Un spectacle affligeant

Jean-Pierre Robin
[09 mars 2005]

Peut-on sérieusement s'intéresser à la réforme du pacte de stabilité et de croissance lorsqu'on n'appartient pas au microcosme bruxellois, si l'on n'est pas un eurocrate ou un observateur encarté à la Commission européenne ? Depuis plus d'un an que le feuilleton échauffe les esprits, le spectacle qui nous est offert est affligeant. La technicité des débats dans laquelle les spécialistes se complaisent constitue un cache-misère bien commode : cela évite de regarder les problèmes fondamentaux, qui, en tant que tels, sont pourtant simples.

Tout d'abord, personne ne met en doute la nécessité d'une règle de conduite globale entre des pays qui partagent la même monnaie. A partir du moment où les nations gardent leur souveraineté pour lever l'impôt et décider des dépenses publiques, il convient d'instituer des garde-fous en matière de déficit et de dette. C'est indispensable, car l'euro a supprimé toute sanction financière ou monétaire vis-à-vis des pays pris individuellement.

La monnaie européenne constitue, si l'on n'y prend garde, un encouragement à l'irresponsabilité en matière de finances publiques. Il est admis aujourd'hui que la France, pour ne citer qu'elle, aurait été contrainte à une plus grande rigueur de sa gestion publique si elle avait dû en supporter les conséquences monétaires à travers le franc.

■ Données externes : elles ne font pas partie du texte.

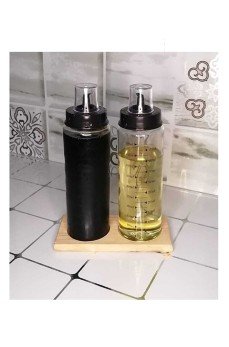 Ahşap Yağdanlık Altlığı -2 Bölmeli Yağlık Sosluk Standı Ahşap Yağdanlık Altlığı -2 Bölmeli Yağlık Sosluk Standı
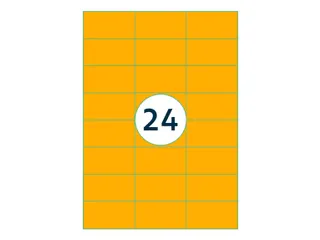 Etiket Rillprint 70x37mm fluororanje 2400 etiketten - 4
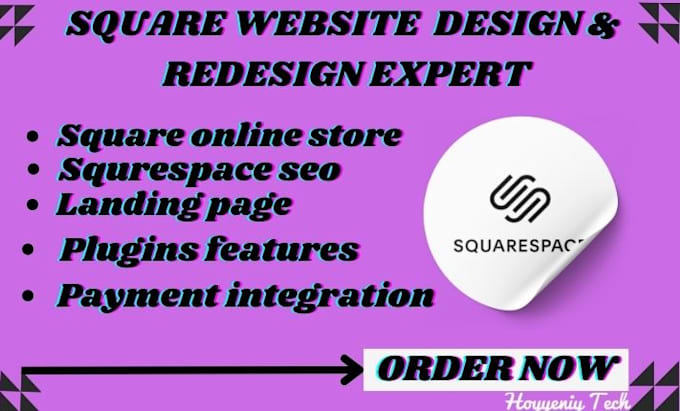 do square website design square online store squarespace square landing page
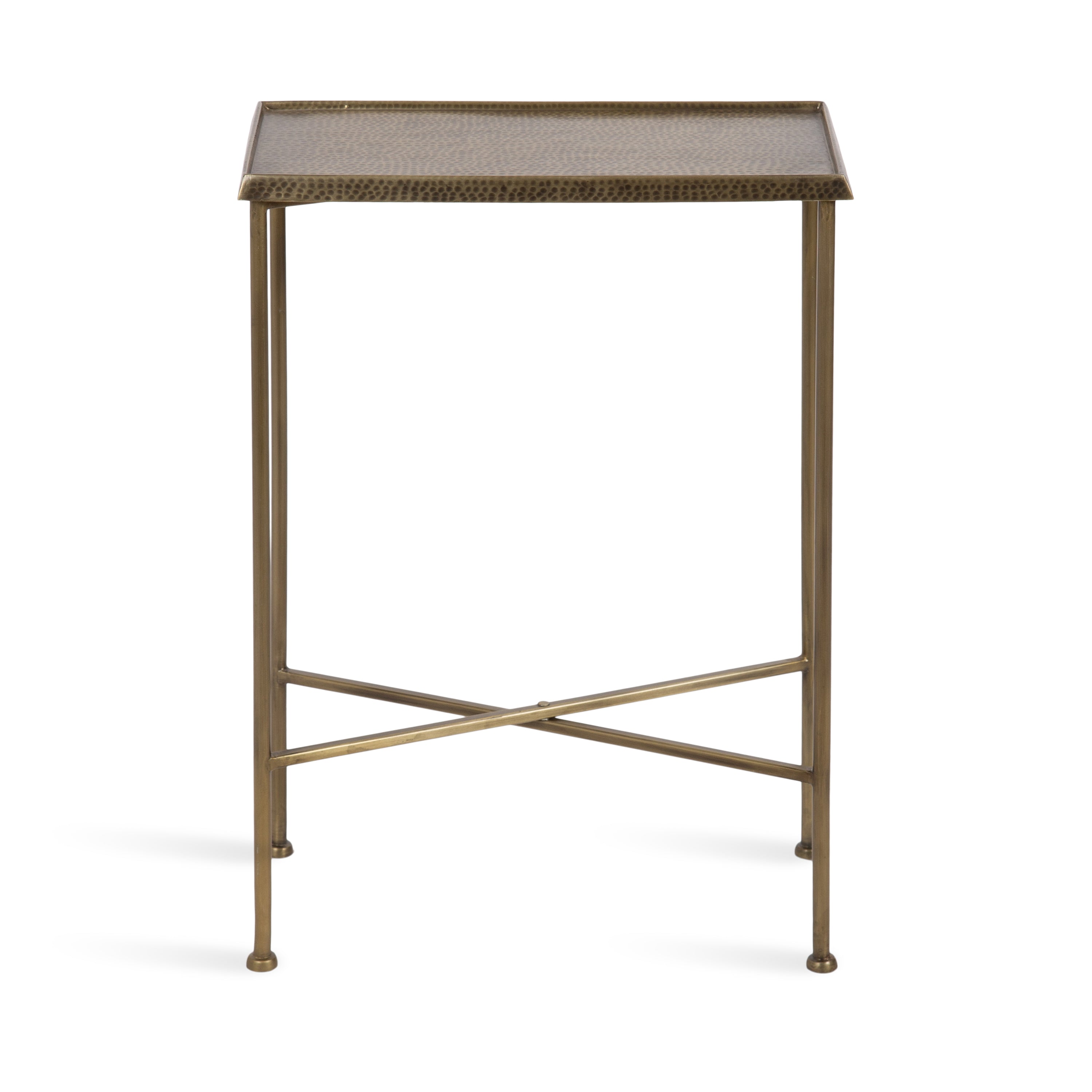 Side Table Gold 17x9x24 5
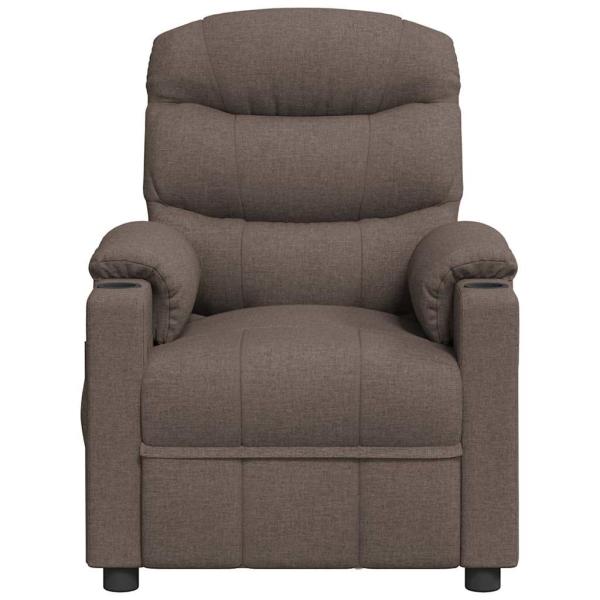 Massagesessel Elektrisch Taupe Stoff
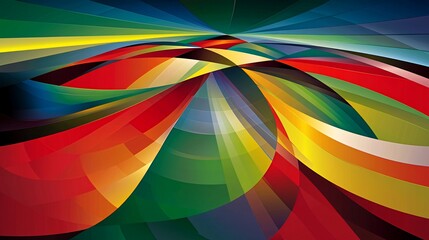 Fototapeta premium Abstract background with swirling colorful shapes.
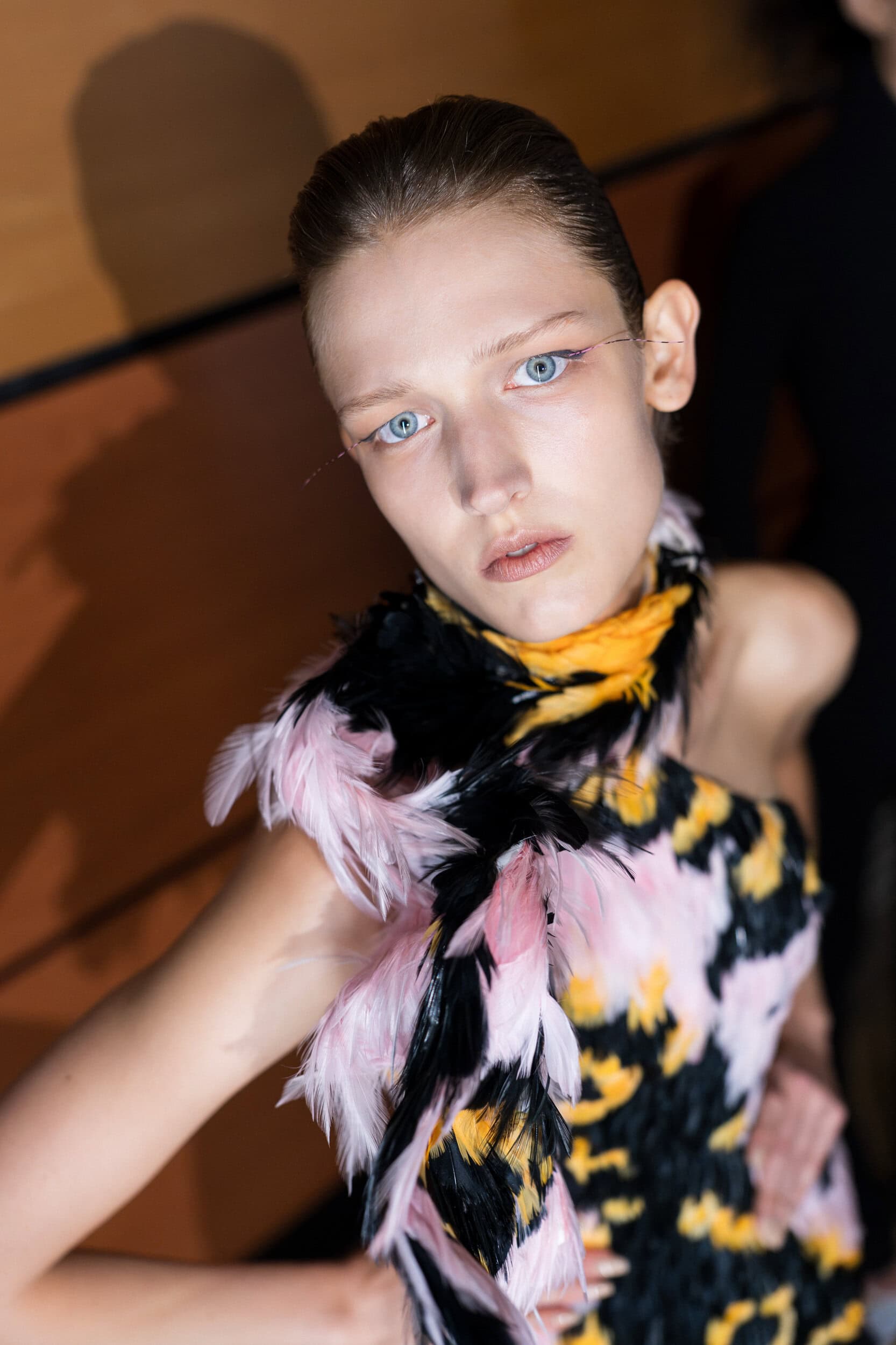 Mugler Spring 2027 Fashion Show Backstage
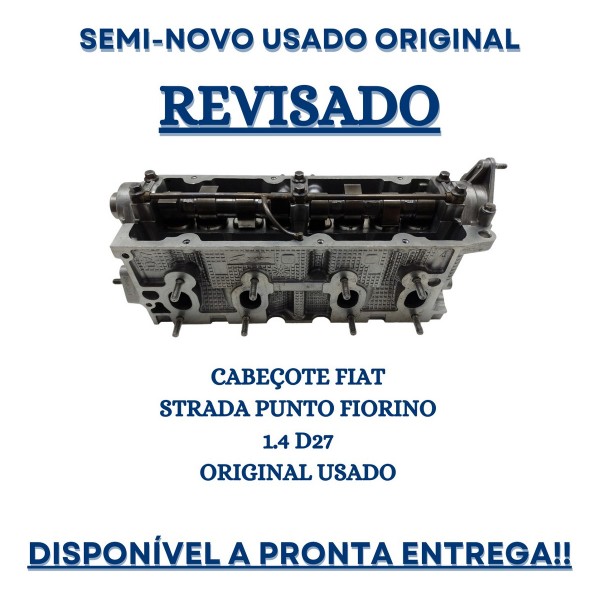 Cabeçote Fiat Strada Punto Fiorino 1.4 D27 Revisado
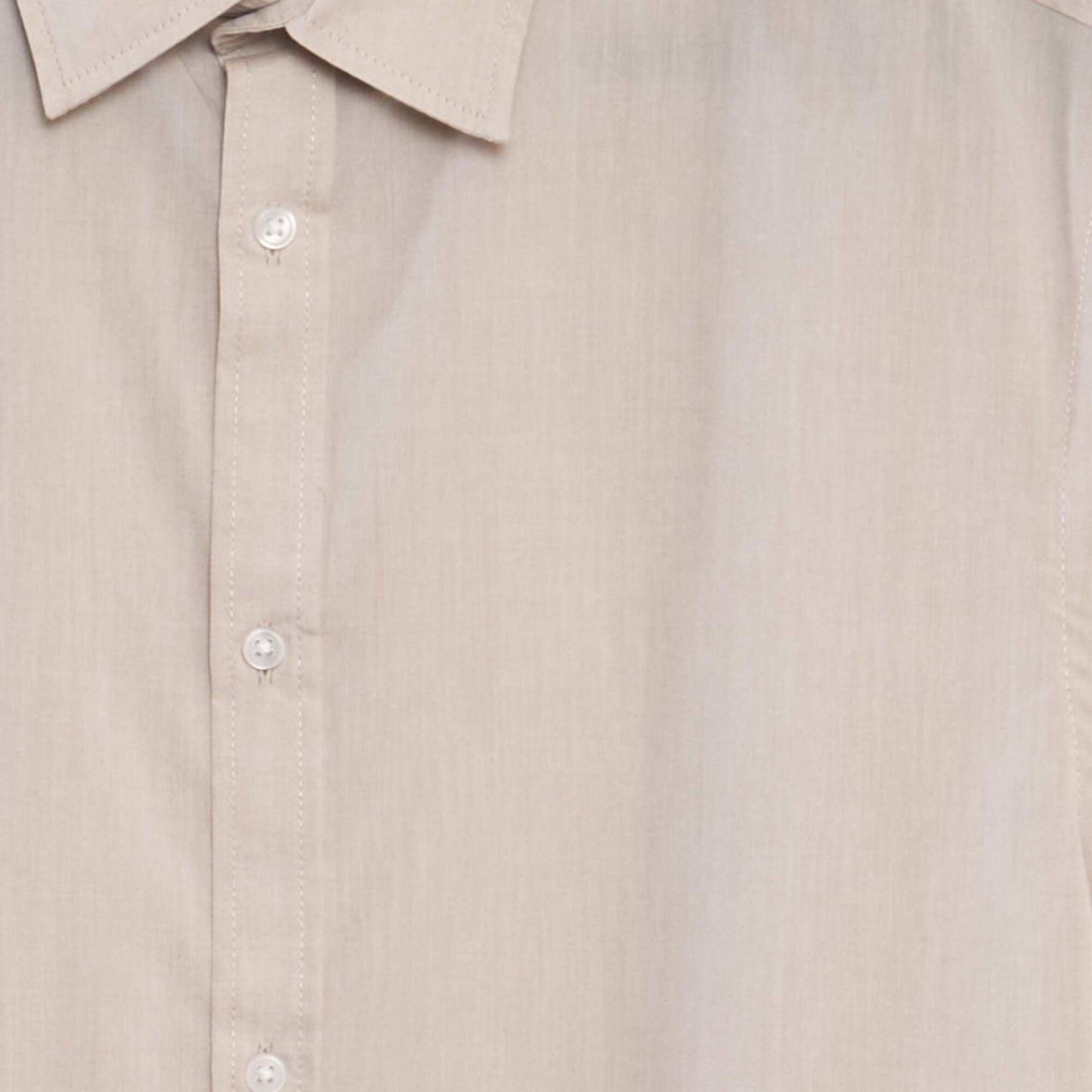Chemise en popeline manches courtes Cr me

On note que les plus ardents défenseurs du pacte de stabilité sont le Medef et la Confindustria italienne qui s'opposent à tout assouplissement : les patrons français et italiens savent que leurs pays ont une longue tradition de laxisme budgétaire et que cette dérive doit absolument être encadrée. La règle de discipline commune entre les gouvernements européens est censée exercer la fonction de gendarme qui était autrefois celle des marchés financiers.

Cette légitimité ne saurait évidemment valider l'actuel mode de fonctionnement du pacte, dont chacun reconnaît l'absurdité congénitale. Il fixe en effet des bornes supérieures de déficits ou de dettes (pas plus de 3% et 60% du PIB respectivement). Sa sonnette d'alarme s'allume lorsque le mal est fait et au moment où il est le plus difficile d'y remédier : en période de faible croissance économique.

Dans ce sens-là, il est nécessaire d'«assouplir» le pacte. Ce faisant, la France, l'Allemagne et l'Italie, dont les comptes sont les plus déséquilibrés depuis cinq ans, ont eu tendance à jouer sur les mots. Au lieu de mettre l'accent sur une plus grande souplesse de fonctionnement à moyen terme – quitte à accepter de dépasser la borne de 3% de déficit lorsque la conjoncture est vraiment médiocre, selon la pratique américaine –, on a voulu se donner des facilités immédiates. Ne pourrait-on pas exclure des règles du jeu certaines dépenses, pour la réunification allemande, pour la recherche, pour la défense, etc. ?

Ces propositions se parent de grands mots : «souveraineté nationale», «grands desseins» technologiques ou militaires. Elles sont mues en réalité par des motivations électoralistes : les gouvernements ont peur de perdre toute marge de manoeuvre au moment où ils estiment en avoir le plus besoin.